** EXERCISE INSTRUCTIONS **
Pictures excluded, please transcribe exactly the lines from the one with "Casas coloridas de" through the end of the records below, and nothing more.

[Start of section]

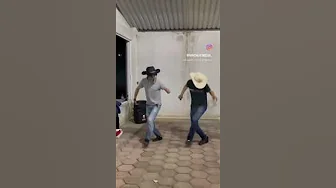 Qué ganas de que mis amigos aprendan a bailar Así Huapango TnT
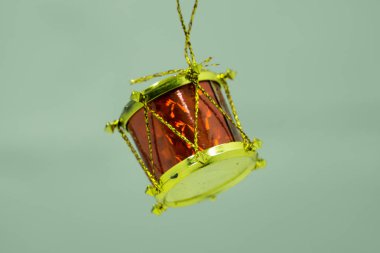 Noel ağacı, kare biçiminde arka plan için yürüyüş davul oyuncak dekorasyon.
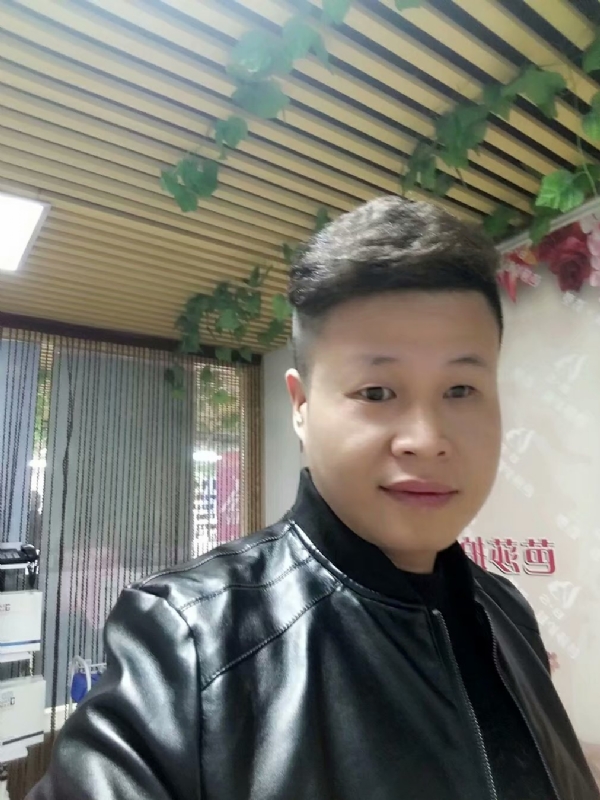 萧郎的第一张照片--石家庄相亲服务中心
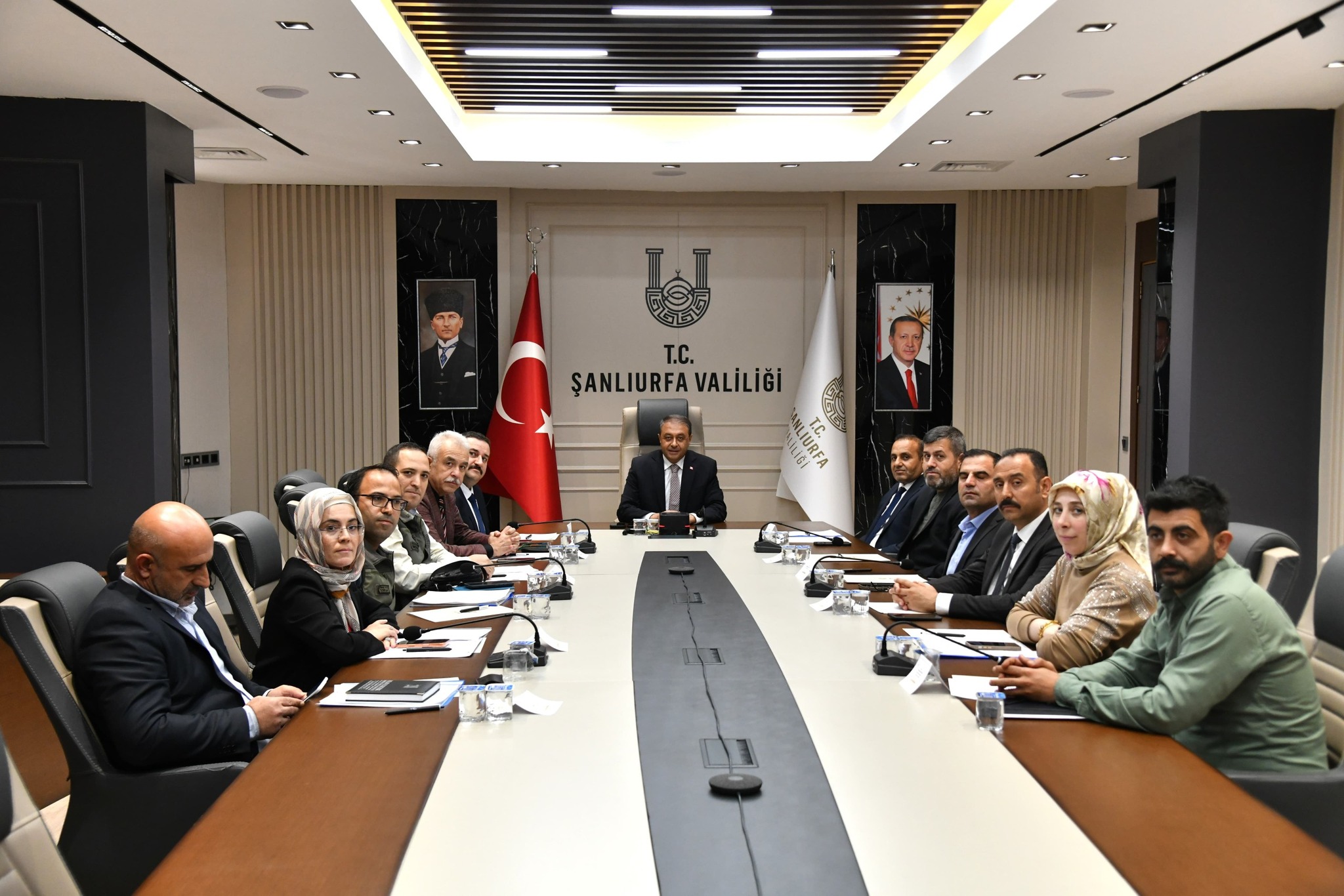 Valilikte gündem: Sahipsiz sokak hayvanları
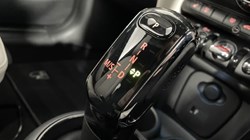 2024 (73) MINI HATCHBACK 1.5 Cooper Exclusive Premium 3dr Auto 2863605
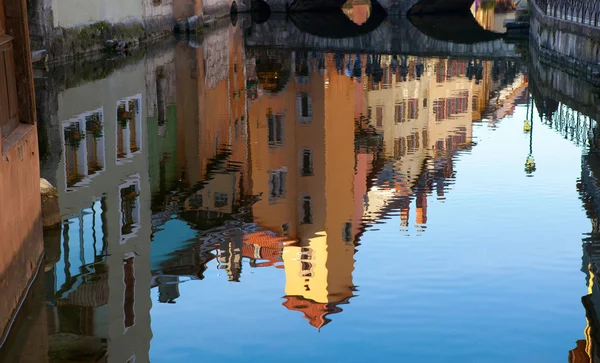 Casas coloridas de Annecy (França) refletidas na água — Fotografia de Stock
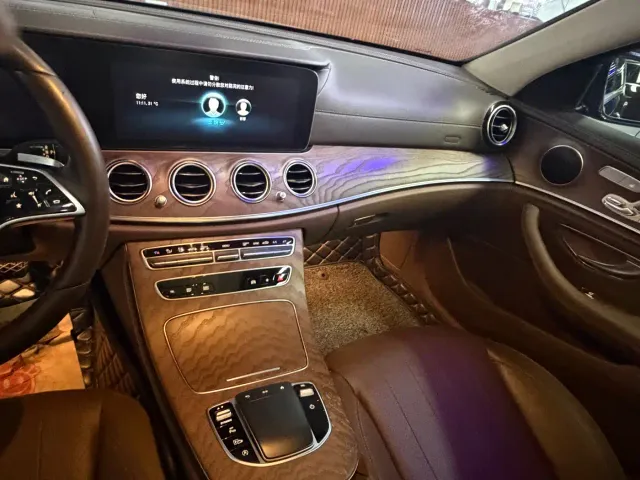 Mercedes-Benz E-Class — Фото автомобиля 13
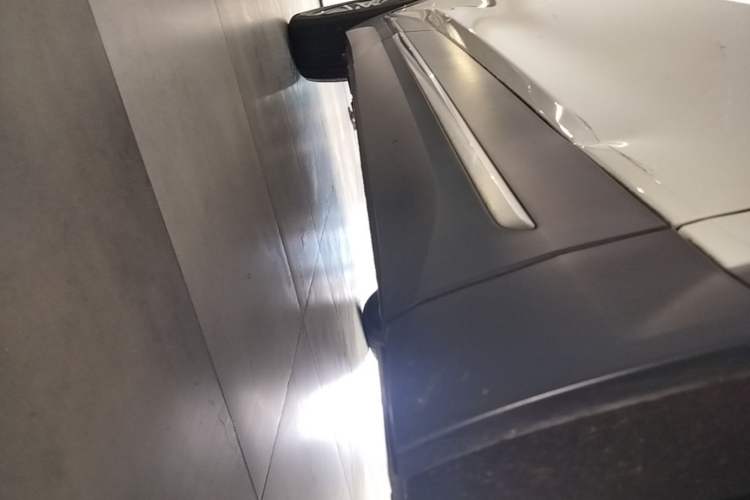 Used Nio ES6 2019 420 km Sport Version Right Side Sill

[End of section]

** SOLUTION **
 Casas coloridas de Annecy (França) refletidas na água — Fotografia de Stock
 Mercedes-Benz E-Class — Фото автомобиля 13
 Used Nio ES6 2019 420 km Sport Version Right Side Sill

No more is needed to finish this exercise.